Sejmowa komisja finansów publicznych rozpatrywała w środę rządowy projekt ustawy budżetowej na rok 2022 w zakresie poszczególnych części budżetowych.

"Budżet (na 2022 r. - PAP) jest oparty na konserwatywnych założeniach i raczej nie obawiam się, że w przyszłym roku będzie kryzys w rozumieniu ekonomicznym, tzn. realnego spadku PKB. Nie odczuwamy także, nie spodziewamy się, jakiegoś wyraźnego spadku dynamiki PKB. Takich zagrożeń nie widzimy" - powiedział posłom wiceminister Patkowski.

Jak mówił, "odpowiadając na pytanie, jak się szykujemy na ewentualne sytuacje, gdyby jednak były problemy, to odpowiedzią na to jest przygotowanie konserwatywnego budżetu".

"Ten konserwatyzm wyraża się m.in. w tym, że nie przewidujemy w tym budżecie środków z KPO. Gdyby one były, to by były pozytywnym impulsem i pozytywną niespodzianką" - wskazał.

Reklama

"Ja bym się tutaj nie obawiał, że ten budżet nie będzie wykonany" - podkreślił.
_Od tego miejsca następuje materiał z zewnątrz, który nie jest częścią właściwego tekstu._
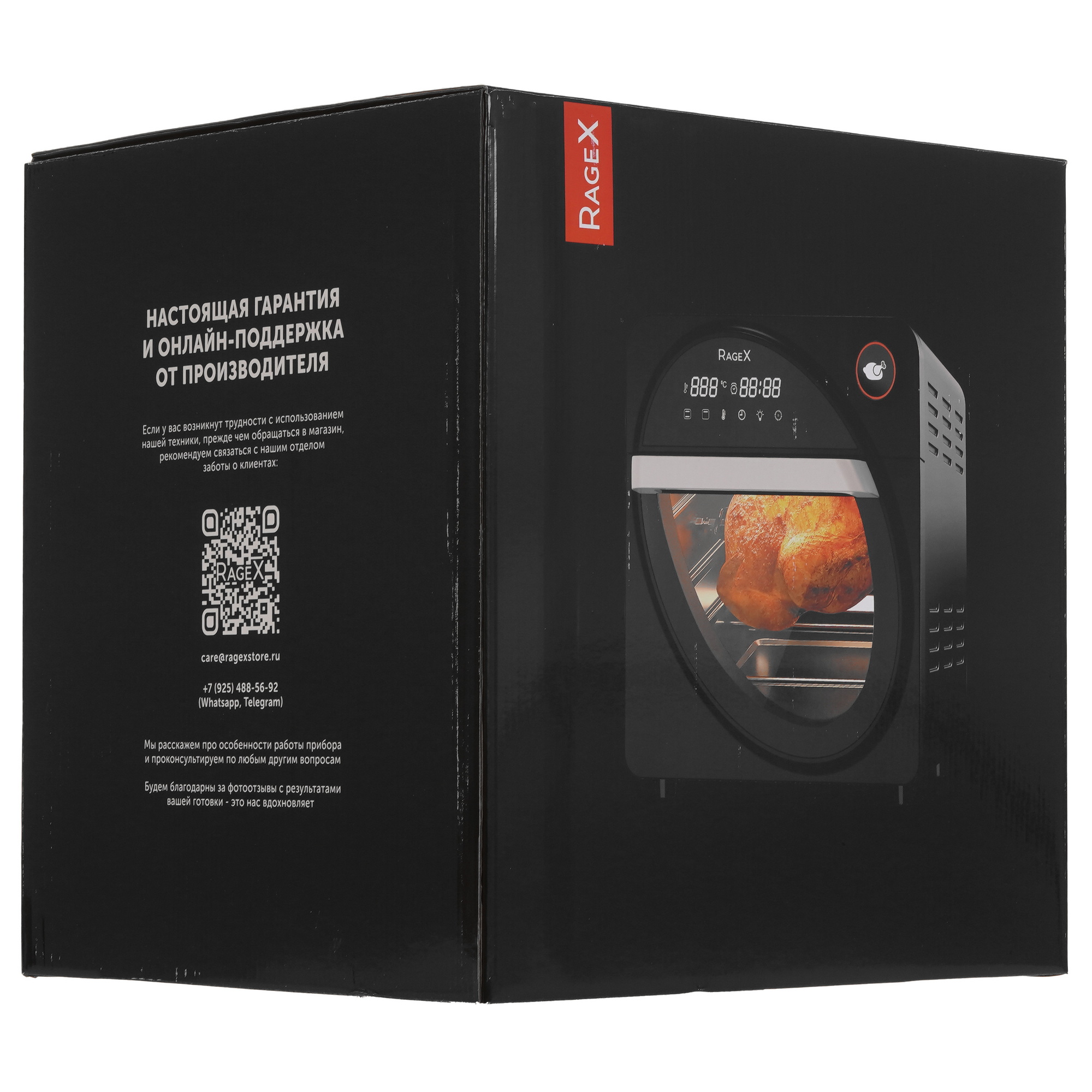 9269176 Мини-печь RAGEX R1602-000 черный STDN-0074660 - Вид №11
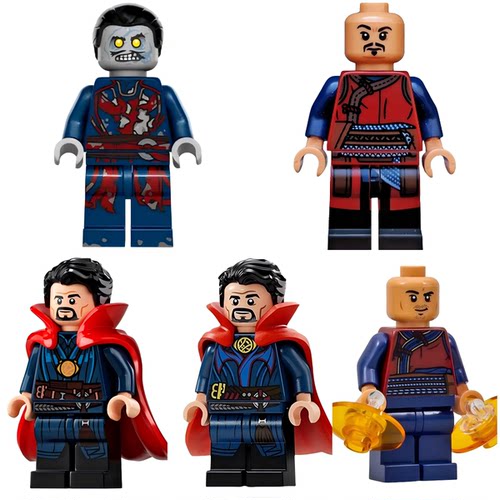 LEGO乐高 76218人仔 漫威 奇异博士 王 反斗城限定 col335 sh0833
Zdaniem wiceministra, Komisja Europejska nie ma żadnej prawnej podstawy do tego, żeby KPO dla Polski nie zatwierdzić. "Nie ma takiego przepisu na podstawie, którego Komisja to nie robi. To jest procedura polityczna, do procedury politycznej w KE odnosić się nie będę" - powiedział Patkowski.

Projekt ustawy budżetowej na przyszły rok zakłada, że w 2022 roku dochody budżetu państwa wyniosą 481,4 mld zł, a wydatki 512,4 mld zł. Deficyt ma wynieść nie więcej niż 30,9 mld zł. Resort finansów założył ponadto, że PKB Polski w 2022 r. urośnie o 4,6 proc., a średnioroczna inflacja ukształtuje się na poziomie 3,3 proc. Prognozowane przeciętne miesięczne wynagrodzenie brutto w gospodarce narodowej wyniesie w 2022 r. 5922 zł, a spożycie prywatne, w ujęciu nominalnym, wzrośnie o 9,2 proc.

Rząd przewiduje jednocześnie, że deficyt sektora finansów publicznych wyniesie w przyszłym roku ok. 2,8 proc. PKB. Prognozowany dług sektora instytucji rządowych i samorządowych ukształtuje się na poziomie 56,6 proc. PKB.